Which members of the President’ administration are to be believed? The anonymous senior official reported by the New York Times on Sunday as stating, “The White House has made one significant decision: if agreement is reached, President Obama will do everything in his power to avoid letting Congress vote on it”–or those who seem to be denying that and sound like they all read the same talking points? Congress was particularly concerned about lifting sanctions that had begun taking effect, when the story broke.

According to the Times, the White House source said the administration, “…wouldn’t seek congressional legislation in any comprehensive agreement for years.” He was referring to the ongoing negotiations to reach a deal with Iran that would slow down its nuclear weapons program, curtailing enrichment and the number of centrifuges they can have. Iran has notoriously prevented UN personnel from inspecting a site where nuclear research and detonation devices were being designed and manufactured, along with missiles and centrifuges…a site that mysteriously blew sky high a few weeks ago.

Speaking for the President, Bernadette M. Meehan of the National Security Council told JLBC, “The New York Times story is incorrect on many levels.” She said the President is not attempting to reduce sanctions against Iran,” and she referenced White House and State Department briefings in the last week to see the on-the-record push back to “this erroneous reporting.”

At a White House press conference on Monday, Principal Deputy Press Secretary Eric Schultz used practically the same words. He said the story was wrong on “when and how congressional action will be needed to suspend and/or lift the sanctions, and whether we believe they should take up an up or down vote on the deal. The notion that we are trying to avoid congressional consultation and input on this is preposterous. This is an issue where we talk to Congress intensively. We will continue to consult with Congress heavily.”

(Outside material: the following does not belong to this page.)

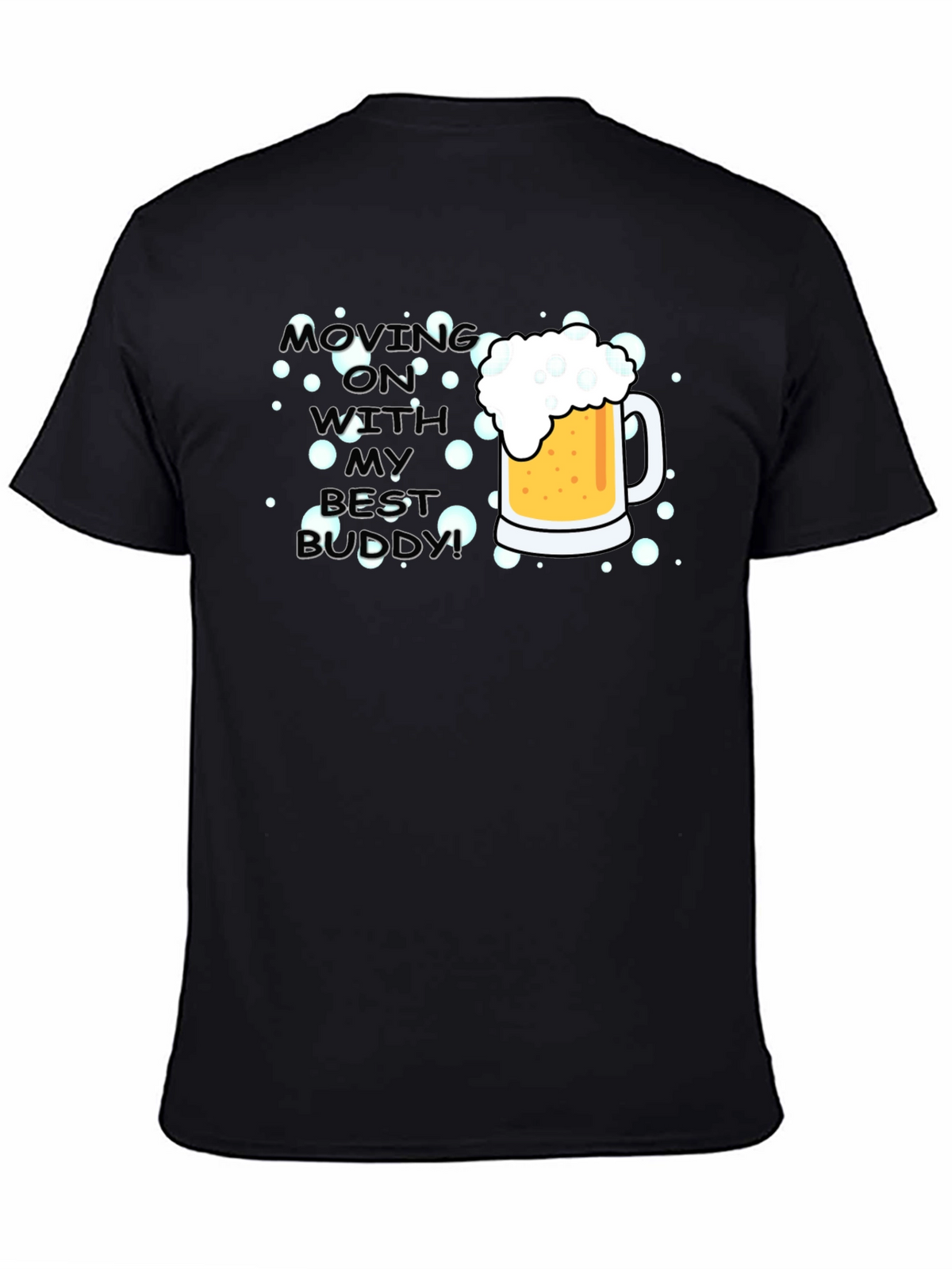 Moving On With My Best Buddy T-Shirt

However, he also confirmed that Congress won’t be included in every decision. “It’s way too early to speculate on which sanctions will require legislative versus executive action to suspend or lift. So I’m not going to get ahead of that from here, today, while the negotiations are ongoing…If we do get a comprehensive arrangement, it is absolutely true that the sanctions regime we have in place cannot be undone without congressional action.”

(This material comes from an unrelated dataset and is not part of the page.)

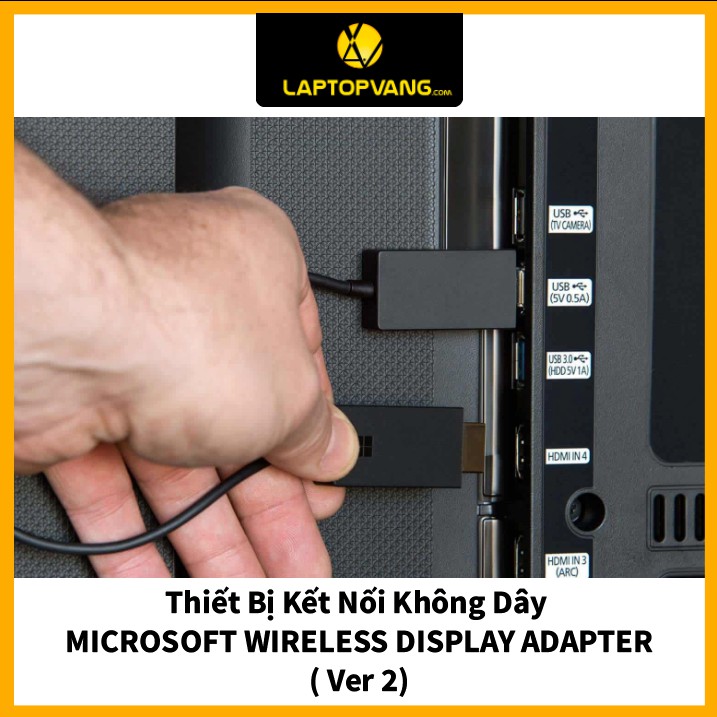 Thiết Bị Kết Nối Không Dây MICROSOFT WIRELESS DISPLAY ADAPTER – Ver 2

At the State Department briefing on Monday, Marie Harf, Deputy Spokesperson, said the Times’ headline, “was not correct; it was wrong. The Administration believes Congress has a very important role to play on Iran’s nuclear issue.”

Then attempting to clear things up she said, “The story conflated two separate issues, when and how congressional action will be needed to suspend and/or lift. So when we say ‘suspend,’ we ‘suspend,’ we mean suspend temporarily; lift–you could say also ‘terminate.’ You can use those words interchangeably–and whether we believe they should take an up-or-down vote on the deal. So the story really conflated those two ideas. They’re really separate.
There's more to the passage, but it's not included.